The Justice Department (DOJ) is reportedly closer to permitting Capital One’s purchase of Discover.
That’s according to a report Monday (March 31) by the Capital Forum, citing sources familiar with the matter.
Those sources said the DOJ has refocused its review of the $35.3 billion deal on how it would hurt consumers with no credit history. The report said the DOJ had concluded it would not have a strong enough case in court to bar the merger based on concerns about the subprime sector.
However, the department is divided on whether it could even bring a case involving no-credit-history borrowers to court, and could just allow the deal to close, the report added.
Earlier in March, the news outlet had reported that the DOJ had determined that the deal would be anticompetitive.
Capital One announced its planned acquisition of Discover in February of last year, saying the deal would create a global payments platform with 70 million merchant acceptance points in more than 200 countries and territories.
“Our acquisition of Discover is a singular opportunity to bring together two very successful companies with complementary capabilities and franchises, and to build a payments network that can compete with the largest payments networks and payments companies,” Richard Fairbank, founder, chairman and CEO of Capital One, said in a news release at the time.
In February, Capital One and Discover said that more than 99% of the stockholders for both companies had voted to OK the merger.

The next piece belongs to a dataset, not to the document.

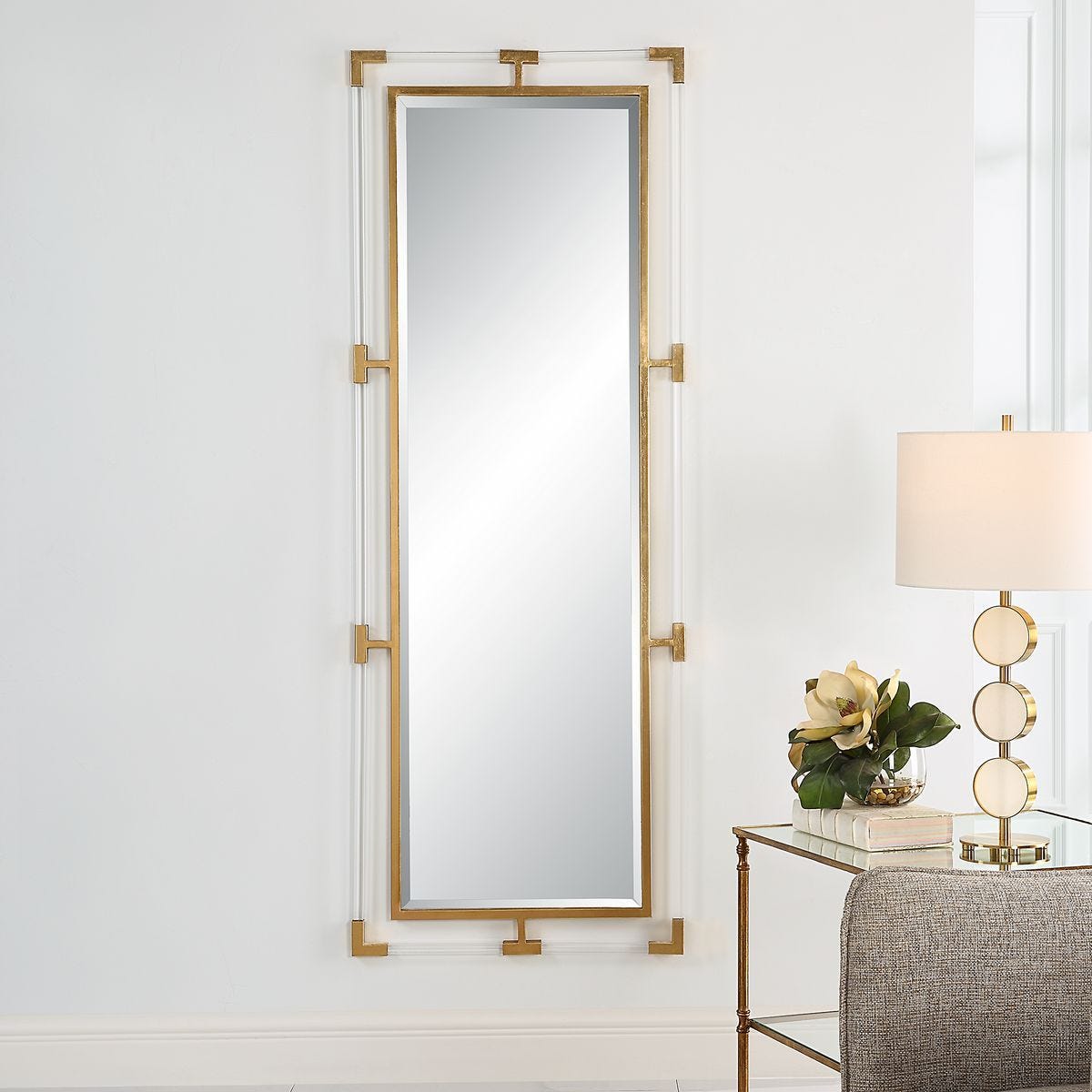 Balkan Tall Mirror, Gold - modern mirror with sleek design for contemporary interiors | Image 1 | InSTYLE Home & Rugs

Capital One has said it expects to close the transaction in the earlier part of this year, pending approval by the Federal Reserve and the Office of the Comptroller of the Currency and other closing conditions.
The deal is also facing potential pushback on the state level. For example, New York Attorney General Letitia James said last year that her office was investigating the merger. James wrote in a court filing that the deal would have “significant impact” on New Yorkers, as the two companies would have a dominant 30% market share among subprime consumers.
The potential merger is happening as consumers turn to credit as a way to stay on top of emergency expenditures, according to “Managing Unplanned Expenses: How The Pay Later Economy Fits Consumer Needs,” a PYMNTS Intelligence and Splitit collaboration.
“Naturally, major unexpected expenses fall outside normal budgets, making it difficult for consumers to cover them,” PYMNTS wrote earlier this week.
“For impulse and emergency purchases alike, shoppers are more likely to pay with credit than cash. In fact, our latest research shows that access to credit heavily impacts a shopper’s ability to manage unplanned expenses and remain financially flexible, especially in the face of emergencies.”